In the dynamic market for ready-made meal kits, it would seem that cash is king, and the popular service Chef’d appears to have run out of it. The three-year-old meal delivery service abruptly shut its doors on Monday, August 6, shuttering its website and informing its more than 350 employees that their jobs were toast.
The company had its ups and downs in the past year, as it continued to face fierce competition from Blue Apron and other services. Last year, Campbell Soup and pork producer Smithfield Foods poured about $35 million into the company, and Chef’d had secured lucrative arrangements to sell its meal kits in traditional grocery stores including Costco, subsidiaries of Kroger, and other retail outlets.
However, there have been dramatic shifts in the meal kit delivery market in the past year. The game-changer has been Amazon’s acquisition of Whole Foods, seamlessly enveloping the high-end grocery franchise into its Amazon Prime program. But other shifts contributed, including Albertson’s acquisition of rival service Plated, Blue Apron going public and throwing a ton of money into non-traditional advertising venues such as podcasts, and a new trend that found traditional grocery outlets like Walmart simply launching their own meal kits or snapping up smaller competitors, such as Kroger’s acquisition of Home Chef.
It’s believed that investors and entrepreneurs have simply overestimated the market for high-quality meal kits. These meals can run up to $100 per week for what is essentially expensive takeout.
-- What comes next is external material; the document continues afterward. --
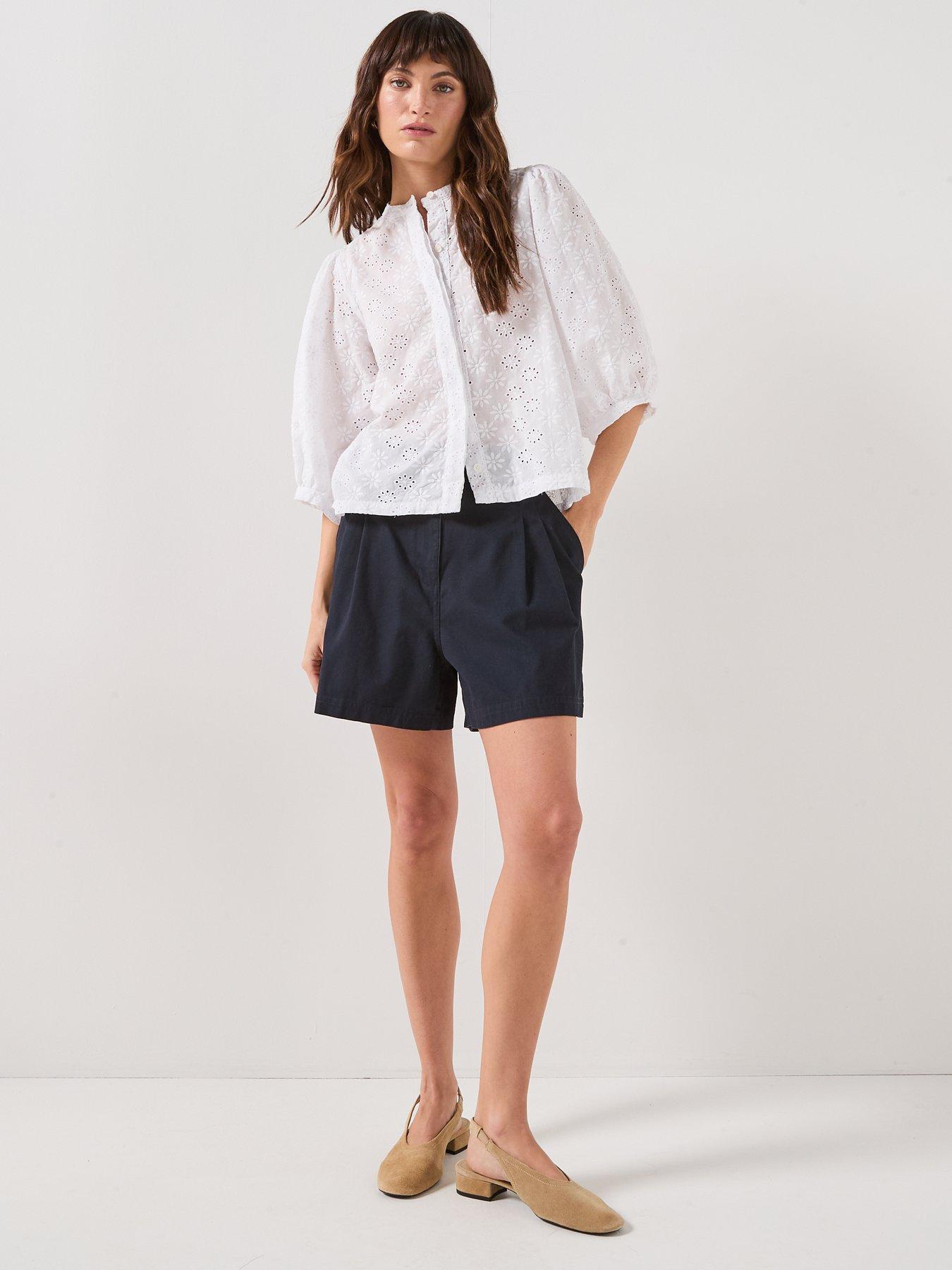 Image 3 of 5 of Barbour Fern Shorts - Navy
Add on to these cold facts the idea that Chef’d didn’t even require its customers to subscribe to a plan, and the generally low retention rate among meal delivery customers, and the situation seems pretty bleak for everybody in this beleaguered market.
Certainly, the market continues to grow — analysts saw the market grow by 40 percent last year and have projected a market value of more than $11 billion by 2022, but the market is currently valued at a little over $2 billion annually, and it’s marked by cutthroat competition among over 150 companies rubbing shoulders in the space. In its news item, The Motley Fool called it pretty clearly: “Investors in Blue Apron should be worried.”
The company informed its approximately 350 workers in Brooklyn, New York and California of the closure during a conference call late Monday, followed by an email announcement from founder and CEO Kyle Ransford.
“We have had some unexpected circumstances with the funding for the business,” Ransford said in the email, referencing a last-ditch effort to reorganize the $160 million business and sell out to True Food Innovation, a California-based food consultancy. “Due to setbacks with financing, unfortunately, we are ceasing operations for all employees, effective today. If we had been successful with these funding efforts, this difficult decision would have been avoided.”